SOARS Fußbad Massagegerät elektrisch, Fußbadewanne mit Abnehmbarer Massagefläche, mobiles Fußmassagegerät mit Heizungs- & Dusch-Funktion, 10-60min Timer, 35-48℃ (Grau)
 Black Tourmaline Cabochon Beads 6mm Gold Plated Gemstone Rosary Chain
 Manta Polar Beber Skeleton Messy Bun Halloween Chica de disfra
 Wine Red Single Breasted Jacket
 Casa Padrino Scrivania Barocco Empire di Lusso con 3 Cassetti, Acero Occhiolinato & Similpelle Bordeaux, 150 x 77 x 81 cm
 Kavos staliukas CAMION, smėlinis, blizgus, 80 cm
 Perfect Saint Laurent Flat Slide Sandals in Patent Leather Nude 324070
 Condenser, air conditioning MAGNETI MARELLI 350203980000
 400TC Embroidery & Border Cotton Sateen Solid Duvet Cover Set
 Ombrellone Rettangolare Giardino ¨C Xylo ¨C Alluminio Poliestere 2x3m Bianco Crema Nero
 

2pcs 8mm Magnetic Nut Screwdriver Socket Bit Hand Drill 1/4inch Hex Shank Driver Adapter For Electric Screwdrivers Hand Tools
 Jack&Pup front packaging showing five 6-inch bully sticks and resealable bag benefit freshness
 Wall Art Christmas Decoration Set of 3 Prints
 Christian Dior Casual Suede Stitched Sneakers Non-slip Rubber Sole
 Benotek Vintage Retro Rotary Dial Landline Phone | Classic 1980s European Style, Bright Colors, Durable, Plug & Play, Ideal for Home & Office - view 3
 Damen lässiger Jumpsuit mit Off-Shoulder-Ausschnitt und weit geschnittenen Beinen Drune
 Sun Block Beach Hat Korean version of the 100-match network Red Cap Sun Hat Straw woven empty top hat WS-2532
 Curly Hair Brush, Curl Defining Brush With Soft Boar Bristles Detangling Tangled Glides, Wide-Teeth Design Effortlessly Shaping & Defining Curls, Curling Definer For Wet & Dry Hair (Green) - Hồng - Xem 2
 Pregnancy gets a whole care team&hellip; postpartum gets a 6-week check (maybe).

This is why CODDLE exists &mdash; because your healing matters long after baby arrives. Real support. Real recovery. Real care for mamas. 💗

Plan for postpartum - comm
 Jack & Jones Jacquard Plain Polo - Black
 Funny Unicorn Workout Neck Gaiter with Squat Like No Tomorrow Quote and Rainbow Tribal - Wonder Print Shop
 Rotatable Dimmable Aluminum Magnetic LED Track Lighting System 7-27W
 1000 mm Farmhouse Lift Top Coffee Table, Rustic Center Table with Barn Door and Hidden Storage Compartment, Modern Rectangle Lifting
+-------+
**ACTIVITY**
Write the whole of the data out again exactly as it stands.

**EXERCISE ANSWER**
SOARS Fußbad Massagegerät elektrisch, Fußbadewanne mit Abnehmbarer Massagefläche, mobiles Fußmassagegerät mit Heizungs- & Dusch-Funktion, 10-60min Timer, 35-48℃ (Grau)
 Black Tourmaline Cabochon Beads 6mm Gold Plated Gemstone Rosary Chain
 Manta Polar Beber Skeleton Messy Bun Halloween Chica de disfra
 Wine Red Single Breasted Jacket
 Casa Padrino Scrivania Barocco Empire di Lusso con 3 Cassetti, Acero Occhiolinato & Similpelle Bordeaux, 150 x 77 x 81 cm
 Kavos staliukas CAMION, smėlinis, blizgus, 80 cm
 Perfect Saint Laurent Flat Slide Sandals in Patent Leather Nude 324070
 Condenser, air conditioning MAGNETI MARELLI 350203980000
 400TC Embroidery & Border Cotton Sateen Solid Duvet Cover Set
 Ombrellone Rettangolare Giardino ¨C Xylo ¨C Alluminio Poliestere 2x3m Bianco Crema Nero
 

2pcs 8mm Magnetic Nut Screwdriver Socket Bit Hand Drill 1/4inch Hex Shank Driver Adapter For Electric Screwdrivers Hand Tools
 Jack&Pup front packaging showing five 6-inch bully sticks and resealable bag benefit freshness
 Wall Art Christmas Decoration Set of 3 Prints
 Christian Dior Casual Suede Stitched Sneakers Non-slip Rubber Sole
 Benotek Vintage Retro Rotary Dial Landline Phone | Classic 1980s European Style, Bright Colors, Durable, Plug & Play, Ideal for Home & Office - view 3
 Damen lässiger Jumpsuit mit Off-Shoulder-Ausschnitt und weit geschnittenen Beinen Drune
 Sun Block Beach Hat Korean version of the 100-match network Red Cap Sun Hat Straw woven empty top hat WS-2532
 Curly Hair Brush, Curl Defining Brush With Soft Boar Bristles Detangling Tangled Glides, Wide-Teeth Design Effortlessly Shaping & Defining Curls, Curling Definer For Wet & Dry Hair (Green) - Hồng - Xem 2
 Pregnancy gets a whole care team&hellip; postpartum gets a 6-week check (maybe).

This is why CODDLE exists &mdash; because your healing matters long after baby arrives. Real support. Real recovery. Real care for mamas. 💗

Plan for postpartum - comm
 Jack & Jones Jacquard Plain Polo - Black
 Funny Unicorn Workout Neck Gaiter with Squat Like No Tomorrow Quote and Rainbow Tribal - Wonder Print Shop
 Rotatable Dimmable Aluminum Magnetic LED Track Lighting System 7-27W
 1000 mm Farmhouse Lift Top Coffee Table, Rustic Center Table with Barn Door and Hidden Storage Compartment, Modern Rectangle Lifting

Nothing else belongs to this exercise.